Agree with Curt; great first 13a, but soft. I wasn't climbing at the 13 level when we did it in 1999, so while confidence-inspiring, it probably goes at 12c or 12d.
By Jack Sparrow
From: denver, co
Sep 4, 2013

So, I assume Will bolted this route, since he seems to know what's on and what's not. Crack on the left is fair game in my book.
By Train4life
From: Boulder, CO
Jan 23, 2014

I'd say just downgrade the route if you think it's not 13a with the crack, but this isn't gym climbing...cracks are on! If it's the most obvious way and the point of least resistance, maybe it should just be 12c or 12d now then!
By Mike to the B
Feb 16, 2015
rating: 5.12d 7c 28 IX 28 E6 6b

Perfect shelf crimping on some interesting, marble-esque limestone ... only wish it was another 50ft! I'd love to claim the 13a, but after dispatching on only three tries (using the crack)...I just couldn't, especially compared to crimpy 12+'s like Power Bulge (in the Flats).

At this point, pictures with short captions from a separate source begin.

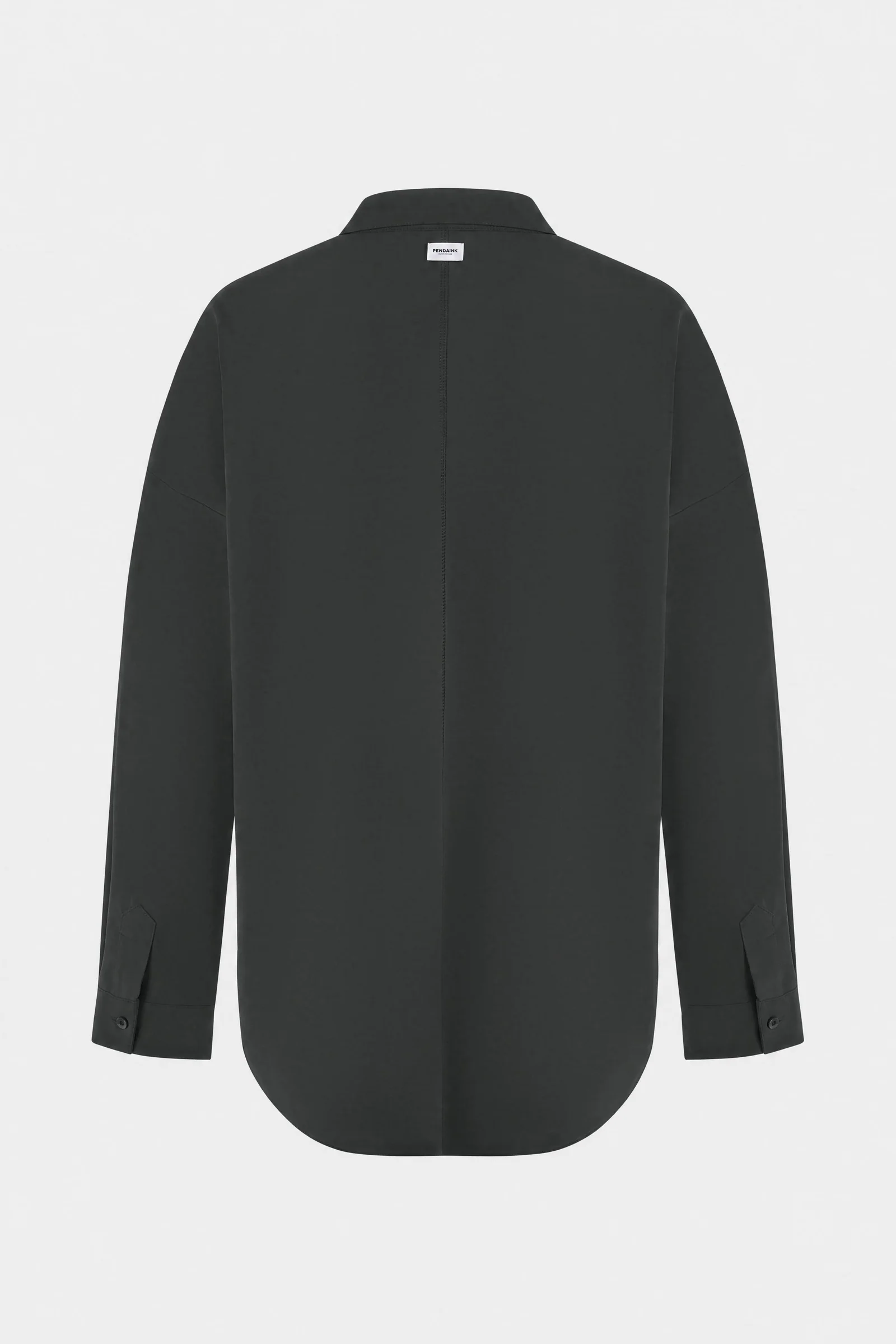 Penn & Ink NY - Magda Blouse Antra - 2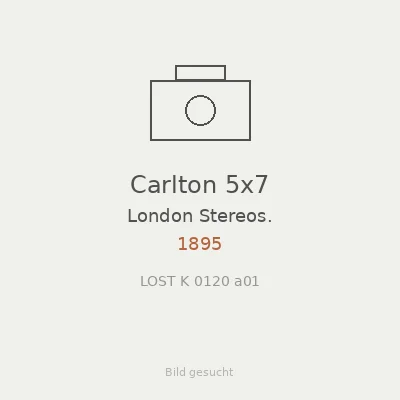 Carlton 5x7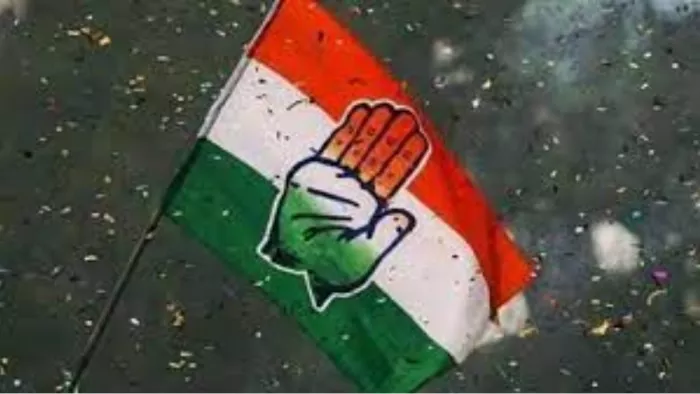 अग्रेजों हुकूमत के मुकदमे भी खंगलवा है भाजपा: कांग्रेस प्रवक्ता।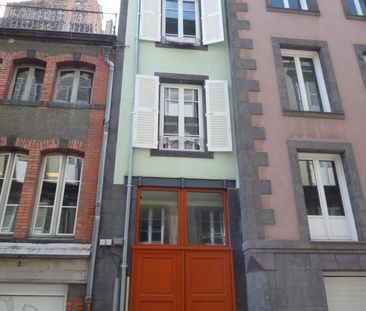 Location Appartement 1 pièce 17m² CLERMONT FERRAND 63000 - Photo 3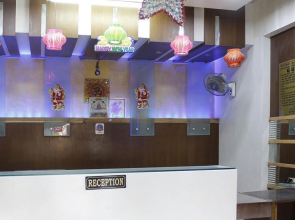 Hotel Mahadev resency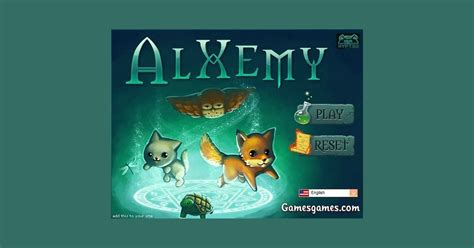 Alxemy | Video Game | VideoGameGeek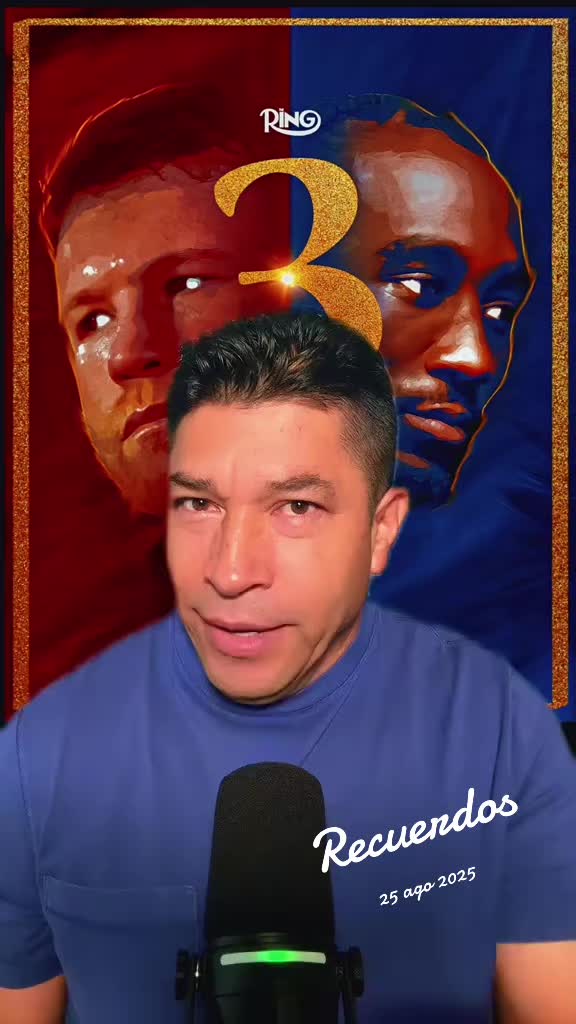 @🥊 La Neta del Boxeo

That being said, I also tried the direct finish and the final 3 moves (past the two pockets at the 5th bolt) are significantly harder than any 13a I've ever been on. If I had to guess, I'd say the direct finish clocks in at more at 13b/c territory.

In any case, just my opinion, and great route nonetheless.
By Darryl Roth
Feb 24, 2015

I belayed Dave when he made the FA. He didn't use the crack. I'll defer to the truth of the top statement by Monomaniac... "Anyway, it's a great route if you have a pair of Shelf Road Blinders, but trying to establish a consensus grade on something like this is pointless."